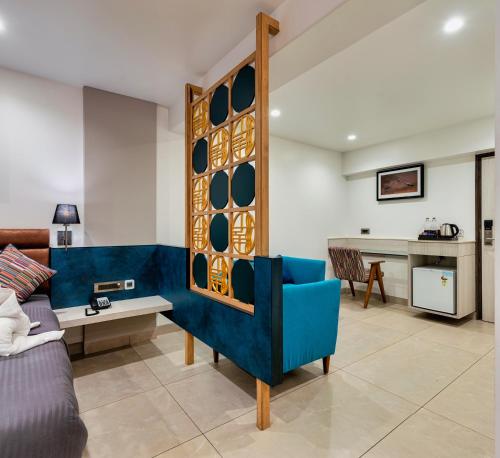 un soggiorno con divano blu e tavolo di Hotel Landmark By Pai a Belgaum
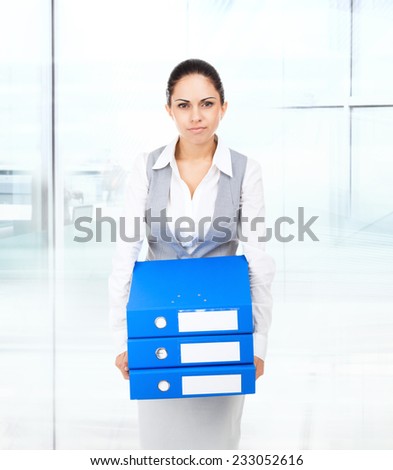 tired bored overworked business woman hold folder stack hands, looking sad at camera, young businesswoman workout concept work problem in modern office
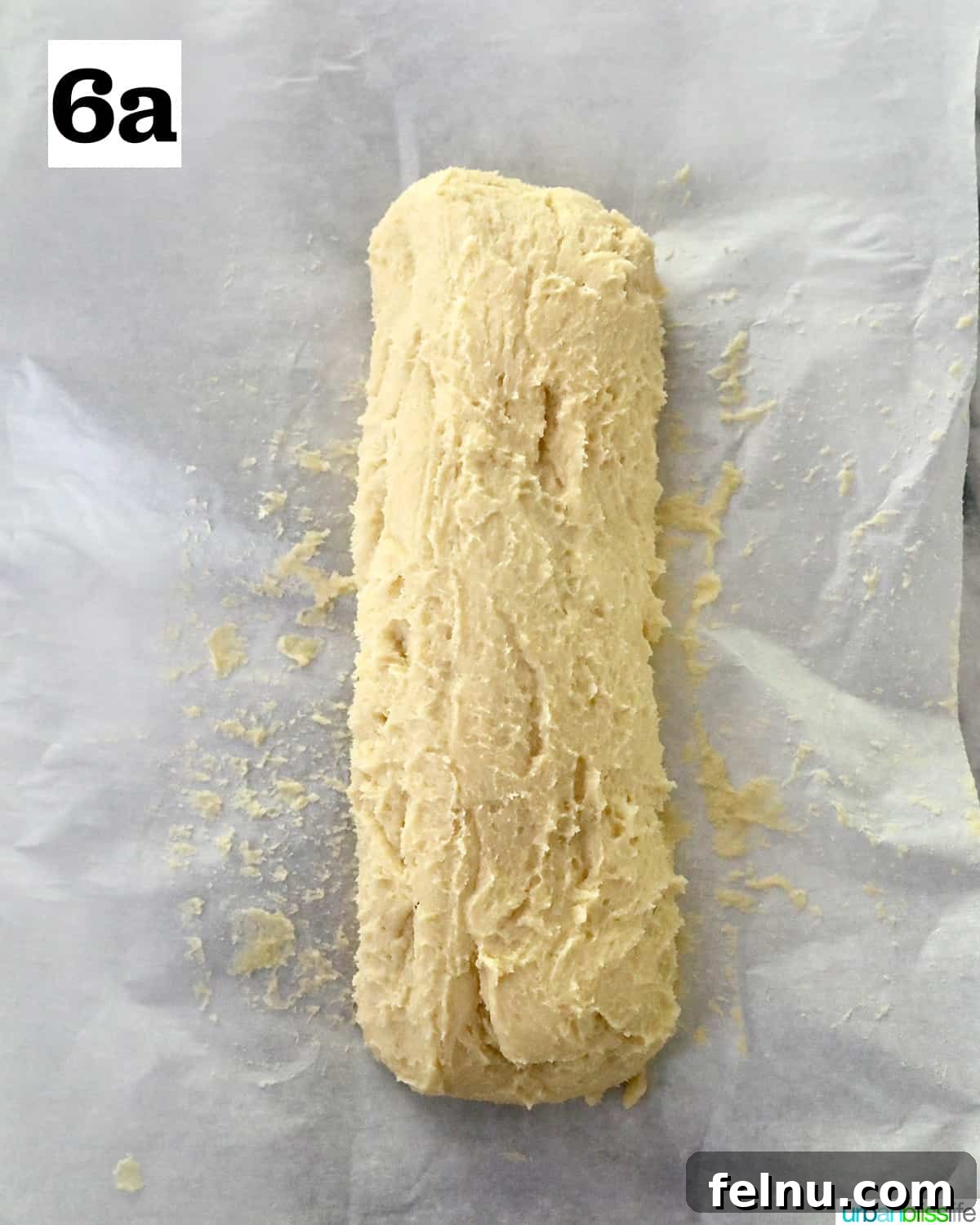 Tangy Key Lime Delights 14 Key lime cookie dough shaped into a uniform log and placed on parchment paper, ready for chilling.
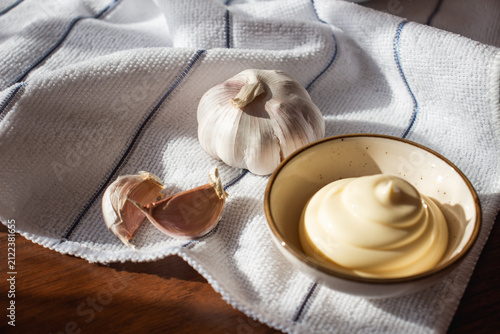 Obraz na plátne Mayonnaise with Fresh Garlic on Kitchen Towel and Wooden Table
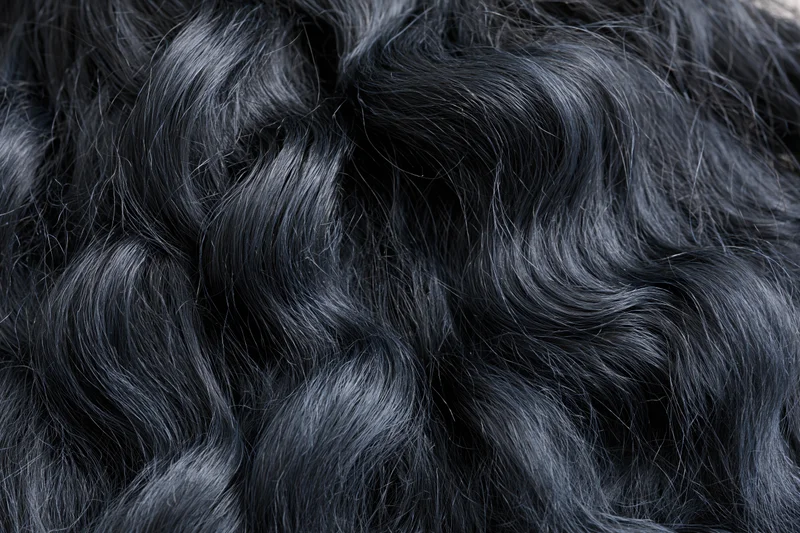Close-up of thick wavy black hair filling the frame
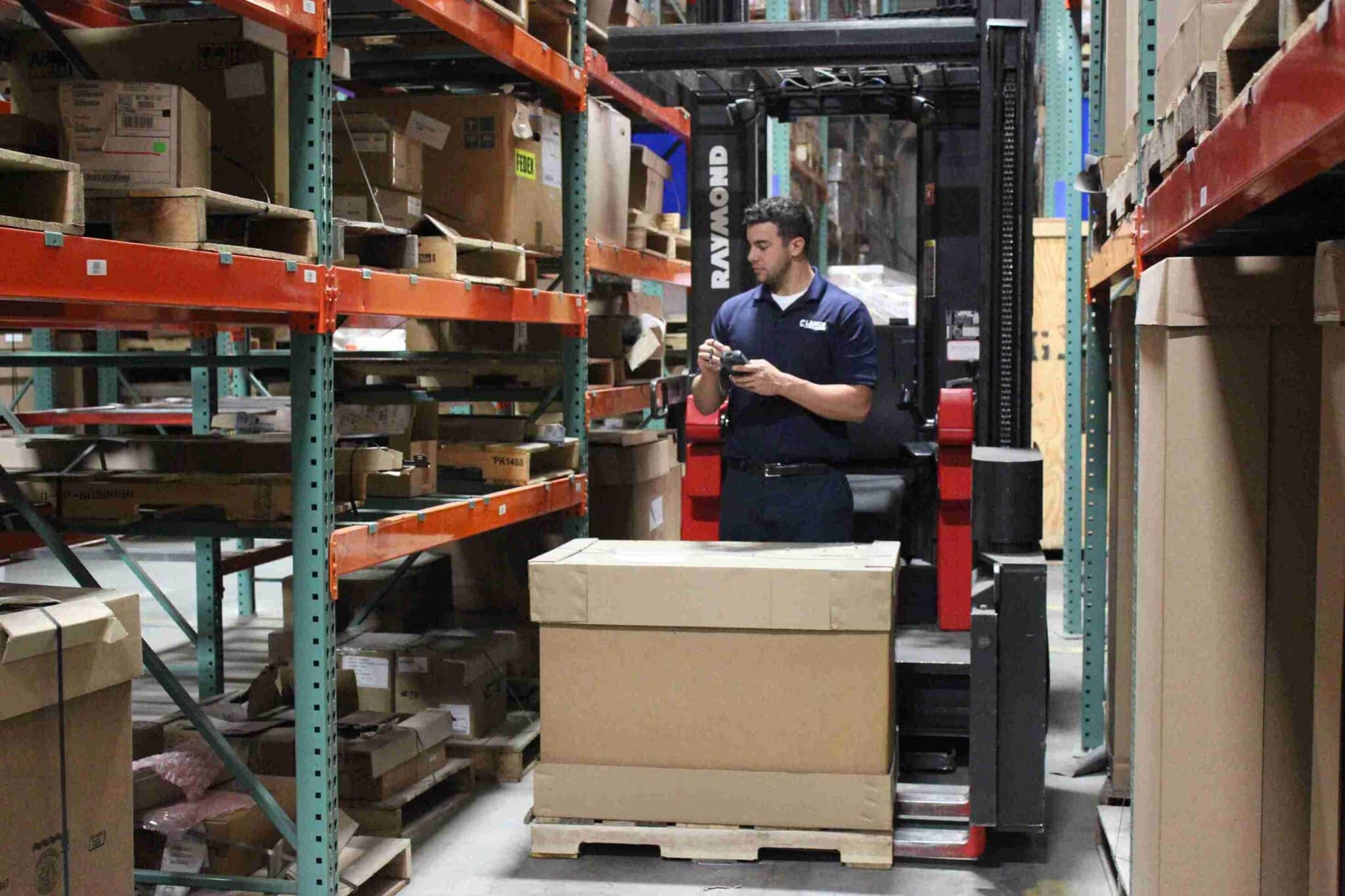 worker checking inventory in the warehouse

──────────

• Required action
Before duplicating the entries above, strip out the pictures and keep the rest exact.

• Reply
 un soggiorno con divano blu e tavolo di Hotel Landmark By Pai a Belgaum
 tired bored overworked business woman hold folder stack hands, looking sad at camera, young businesswoman workout concept work problem in modern office
 Tangy Key Lime Delights 14 Key lime cookie dough shaped into a uniform log and placed on parchment paper, ready for chilling.
 Obraz na plátne Mayonnaise with Fresh Garlic on Kitchen Towel and Wooden Table
Close-up of thick wavy black hair filling the frame
 worker checking inventory in the warehouse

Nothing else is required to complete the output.